Crawled caption data:
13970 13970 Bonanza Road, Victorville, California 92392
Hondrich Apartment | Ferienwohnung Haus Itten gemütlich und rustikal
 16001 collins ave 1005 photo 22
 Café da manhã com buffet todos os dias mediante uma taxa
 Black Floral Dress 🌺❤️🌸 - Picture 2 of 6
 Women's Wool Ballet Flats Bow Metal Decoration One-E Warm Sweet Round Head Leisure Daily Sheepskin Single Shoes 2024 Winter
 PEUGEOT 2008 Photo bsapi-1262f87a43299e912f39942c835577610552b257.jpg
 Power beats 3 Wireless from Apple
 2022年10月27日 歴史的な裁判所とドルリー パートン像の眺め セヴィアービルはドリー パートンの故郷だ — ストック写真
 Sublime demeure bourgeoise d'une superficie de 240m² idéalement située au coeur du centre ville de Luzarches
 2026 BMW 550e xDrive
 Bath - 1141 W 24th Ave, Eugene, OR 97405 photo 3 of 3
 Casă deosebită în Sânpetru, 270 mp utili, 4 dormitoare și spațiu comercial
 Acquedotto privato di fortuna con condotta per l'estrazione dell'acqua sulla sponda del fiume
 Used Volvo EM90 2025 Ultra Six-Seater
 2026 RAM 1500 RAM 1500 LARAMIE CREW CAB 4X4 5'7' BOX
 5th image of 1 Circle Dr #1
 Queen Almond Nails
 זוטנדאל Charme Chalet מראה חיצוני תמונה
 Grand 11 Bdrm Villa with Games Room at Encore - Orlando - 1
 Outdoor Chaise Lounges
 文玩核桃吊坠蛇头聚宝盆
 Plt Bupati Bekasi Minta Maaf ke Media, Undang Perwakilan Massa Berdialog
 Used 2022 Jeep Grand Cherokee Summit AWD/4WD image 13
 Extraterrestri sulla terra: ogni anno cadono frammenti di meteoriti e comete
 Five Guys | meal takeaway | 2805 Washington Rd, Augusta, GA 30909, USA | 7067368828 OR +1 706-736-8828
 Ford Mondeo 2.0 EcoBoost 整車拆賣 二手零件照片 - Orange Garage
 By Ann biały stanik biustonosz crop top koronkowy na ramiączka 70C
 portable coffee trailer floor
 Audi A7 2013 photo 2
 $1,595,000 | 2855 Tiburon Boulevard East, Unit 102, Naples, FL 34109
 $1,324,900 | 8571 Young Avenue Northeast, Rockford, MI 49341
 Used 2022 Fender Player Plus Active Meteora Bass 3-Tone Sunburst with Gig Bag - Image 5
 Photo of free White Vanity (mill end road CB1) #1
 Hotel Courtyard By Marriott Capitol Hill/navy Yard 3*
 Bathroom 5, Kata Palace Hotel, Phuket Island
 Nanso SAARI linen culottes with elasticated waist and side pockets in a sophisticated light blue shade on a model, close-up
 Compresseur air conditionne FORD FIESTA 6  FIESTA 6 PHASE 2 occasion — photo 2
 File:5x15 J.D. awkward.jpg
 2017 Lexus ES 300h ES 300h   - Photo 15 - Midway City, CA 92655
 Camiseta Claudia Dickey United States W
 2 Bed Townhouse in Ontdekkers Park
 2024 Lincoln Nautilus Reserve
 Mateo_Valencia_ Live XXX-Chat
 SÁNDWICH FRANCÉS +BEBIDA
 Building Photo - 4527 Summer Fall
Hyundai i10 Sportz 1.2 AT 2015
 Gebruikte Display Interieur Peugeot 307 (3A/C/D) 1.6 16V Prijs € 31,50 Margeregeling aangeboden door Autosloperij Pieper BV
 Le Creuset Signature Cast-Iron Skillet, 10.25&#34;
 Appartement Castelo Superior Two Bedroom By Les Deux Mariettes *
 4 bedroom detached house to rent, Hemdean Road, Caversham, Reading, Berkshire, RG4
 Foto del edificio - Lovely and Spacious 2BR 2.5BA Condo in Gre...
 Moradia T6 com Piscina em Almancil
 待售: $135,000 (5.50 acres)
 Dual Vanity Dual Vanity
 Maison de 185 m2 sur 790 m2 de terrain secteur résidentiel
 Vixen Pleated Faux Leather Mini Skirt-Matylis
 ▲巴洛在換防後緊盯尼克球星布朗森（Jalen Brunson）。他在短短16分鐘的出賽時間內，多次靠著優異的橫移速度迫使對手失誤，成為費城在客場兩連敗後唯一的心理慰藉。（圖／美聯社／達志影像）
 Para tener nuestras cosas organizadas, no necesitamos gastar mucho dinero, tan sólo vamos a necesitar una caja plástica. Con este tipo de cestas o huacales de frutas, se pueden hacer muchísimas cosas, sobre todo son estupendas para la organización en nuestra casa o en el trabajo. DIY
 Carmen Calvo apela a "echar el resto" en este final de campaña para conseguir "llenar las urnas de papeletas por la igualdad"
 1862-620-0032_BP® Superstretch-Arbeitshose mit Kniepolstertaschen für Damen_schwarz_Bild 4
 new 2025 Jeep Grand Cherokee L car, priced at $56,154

=== Work order ===
Nothing but a number should be given: the number of lines in the records that contain the word "Jeep".

=== Your solution ===
2